__PROMPT__. For the listing that follows, give again exactly the lines from the one with "Darkrai & Cresselia" to the one with "Himiway A7 Pro", including both.

__RECORD SET__.

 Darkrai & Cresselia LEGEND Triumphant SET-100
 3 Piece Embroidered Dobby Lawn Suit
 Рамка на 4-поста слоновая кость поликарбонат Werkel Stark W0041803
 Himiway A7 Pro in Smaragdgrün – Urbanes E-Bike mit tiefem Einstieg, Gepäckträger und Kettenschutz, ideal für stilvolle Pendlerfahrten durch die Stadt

---

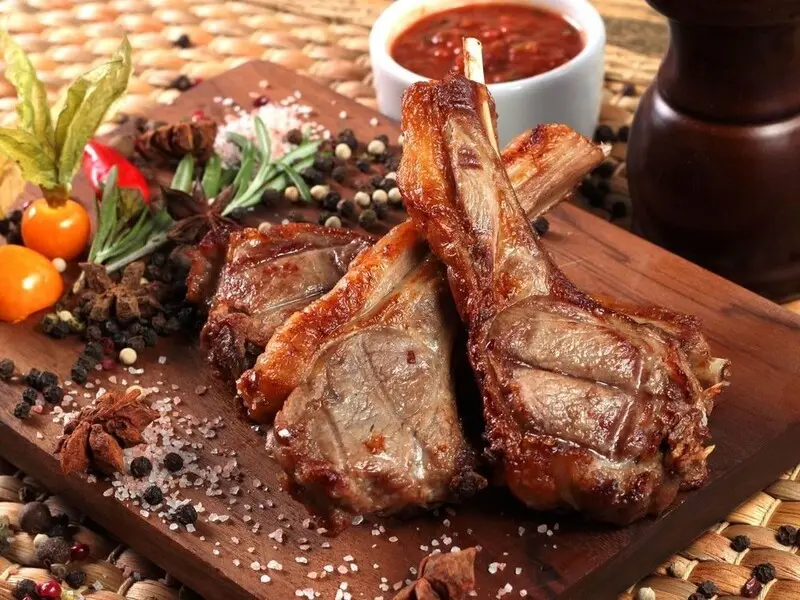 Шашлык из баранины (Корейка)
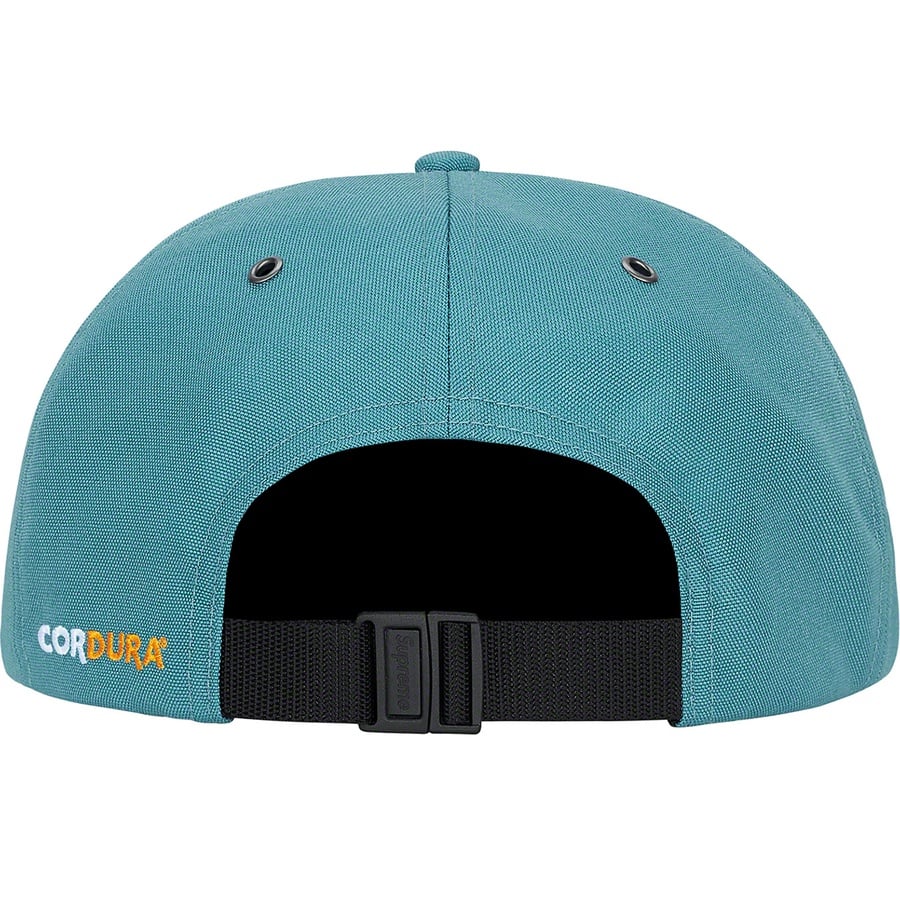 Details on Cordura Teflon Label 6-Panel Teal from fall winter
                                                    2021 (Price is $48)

__RESPONSE TO THE TASK__.
 Darkrai & Cresselia LEGEND Triumphant SET-100
 3 Piece Embroidered Dobby Lawn Suit
 Рамка на 4-поста слоновая кость поликарбонат Werkel Stark W0041803
 Himiway A7 Pro in Smaragdgrün – Urbanes E-Bike mit tiefem Einstieg, Gepäckträger und Kettenschutz, ideal für stilvolle Pendlerfahrten durch die Stadt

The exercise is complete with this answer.